Ask HN: Should I be using Git instead of Bzr? - m0tive

I've been using Bazaar for a few months now and not had any trouble, but after reading lots of talk about Git on HN I've been wondering if I should switch.<p>Any big advantages of using Git instead of Bazaar?
======
rmc
You should continue to use what is most comfortable for you. The fact that you
are already using a DVCS (Distributed Version Control System) already puts you
at an advantage to those not using it (e.g. Subversion users).

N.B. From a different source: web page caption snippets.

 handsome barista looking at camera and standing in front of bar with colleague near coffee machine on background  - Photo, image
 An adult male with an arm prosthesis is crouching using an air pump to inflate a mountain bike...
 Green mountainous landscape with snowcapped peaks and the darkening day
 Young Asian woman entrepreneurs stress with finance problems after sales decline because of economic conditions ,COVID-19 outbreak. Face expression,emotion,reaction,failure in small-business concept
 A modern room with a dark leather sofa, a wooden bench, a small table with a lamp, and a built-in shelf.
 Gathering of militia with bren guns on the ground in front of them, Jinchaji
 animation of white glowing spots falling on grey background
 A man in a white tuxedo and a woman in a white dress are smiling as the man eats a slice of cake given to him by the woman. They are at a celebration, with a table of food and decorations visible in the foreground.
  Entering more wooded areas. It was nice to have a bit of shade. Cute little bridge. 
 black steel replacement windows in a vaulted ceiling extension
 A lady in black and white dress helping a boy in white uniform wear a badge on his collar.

Just relax, and focus on writing your code now.

------
duck
I haven't used Bazaar before, but with these questions I tend to recommend
that you just try git on one smaller project and see how it "fits" with your
style. Even if it isn't a fit you will learn something and in the future know
exactly why you are using what you use.

------
scorpioxy
I've used both, but prefer Bazaar because it always felt more intuitive to me.
But again, try them both out, its not that difficult to import/export history
from/to.

One big difference is git's speed over Bazaar. You'll typically only be
annoyed with it only large projects but still, it is noticeable. Though, there
has been huge progress from the earlier versions of Bazaar.

------
jokull
If you're running an open product, Github by itself has huge advantages I'm
beginning to realize. It's a known ecosystem that lowers barriers for
everyone.